Luego llegó el camino personal de crecimiento en hondura interpretativa, en oficio, en popularidad. Es ya un largo camino que tiene posada en Madrid, como el de otros muchos intérpretes vascos a los que el país no puede contener o no quiere aceptar, cada quien sabrá qué le corresponde, aunque en este caso muy probablemente por algo de ambas posibilidades y, desde luego, sin sensación alguna de pérdida para la creación del país por parte de los gestores públicos responsables de su desarrollo escénico. El caso es que el Ramón que solo quería ser actor se convierte por momentos, sin pretenderlo de ninguna manera, en el retrato del actor bilbaíno, de provincias en la capital del reino, en una suerte de símbolo de la profesión que busca obligadamente en Madrid aquellas oportunidades que su suelo no le ofrece.
El cine y la televisión caracterizan durante un buen período su actividad. La popularidad es un fenómeno desconocido al que acostumbrarse según los ciclos que la televisión marca. Mientras se adapta, lamenta que tras ya casi una vida de pisar escenarios la gente le salude por la calle con el nombre de su último personaje televisivo mientras esté en antena. Se ve en la obligación de aferrarse a su ADN escénico y defender la elevación de la interpretación teatral, promoviendo tenazmente proyecto tras proyecto, entre viajes, inseguridad económica y teléfonos que no siempre suenan.
Es un tiempo muy prolijo que va completando un extenso e interesantísimo currículo en el que el teatro es seña principal de identidad: El Ramón que solo quería ser actor no es premio nacional de interpretación, es Premio Nacional de Teatro, como una reivindicación del viejo arte total, de una forma de vida, de un modo característico de entregarse a la vocación que no se extingue.
Completa así una serie de reconocimientos que el propio oficio le ha entregado por la posibilidad de haber sido entre decenas de otros personajes, Max Estrella, D. Quijote, Próspero o el próximo Montenegro de “Las Comedias Bárbaras” de Valle Inclán en el CDN.
Quien examine su trayectoria reconocerá los méritos artísticos y profesionales del premiado. Pero el destino persistente no dejará de perseguirle y el Ramón que solo quería ser actor verá ahora cómo hay toda una generación extendida de cómicos y teatreros, actores y actrices de casta, resabiados a fuerza de noches de oficio, intoxicados de personajes disparatados y atormentados por demasiado lúcidos; camerinos fríos y veladas inolvidables; surgidos de las oscuridades del régimen del bajito sanguinario; una generación que ha recorrido la distancia entre la candileja y la robótica escénica, que ha sobrevivido a base de emoción a la cultura de masas, el protagonismo de las industrias culturales e internet; cómo hay, en fin, una generación protagonista del discurrir de los últimos cuarenta años del teatro que se sentirá apelada, de alguna manera partícipe de este premio y reivindicada merecidamente gracias a él.
Y el Ramón que solo quería ser actor se verá irremediablemente obligado a compartir el premio con esa generación.

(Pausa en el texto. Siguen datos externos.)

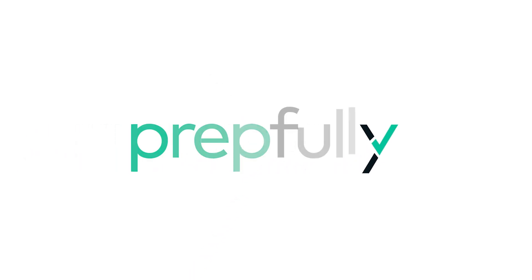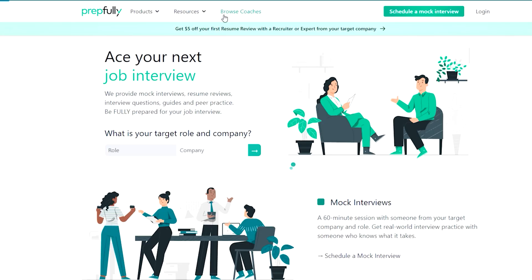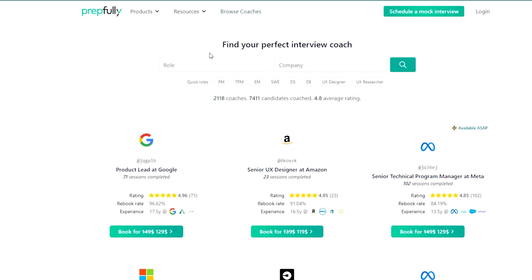Quick intro — I'm from PrepFully. This video has been put together by Google Thermal Engineers who are also interview coaches on PrepFully. They've coached hundreds of candidates successfully and are available on the website for direct booking if you're looking for more personalised guidance.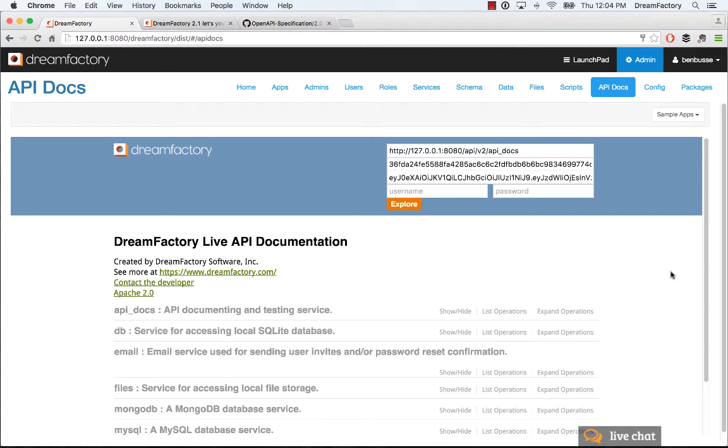Hi everyone, Ben with DreamFactory. In this screencast, I'm going to talk about how to set up your own custom API in DreamFactory. We'll walk through a simple use case to demonstrate how to do this.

Ahora que sobran los motivos para ser premiado por él mismo, sólo por actor. Quizás no le importe tanto. Al fin y al cabo es el mismo que, tras cuarenta y cinco años de trayectoria, vuelve a los orígenes, al Bilbao de barrio olvidado y degradado, y con no pocos esfuerzos y estrecheces lidera el espacio teatral Pabellón 6.
Ramón Barea, hombre íntegro de teatro: ¡Mucha mierda!
*Pello Gutiérrez es teatrero, promotor y observador de políticas culturales, actuando en esta ocasión de vocero de Kultura Abierta, satisfecha por este premio.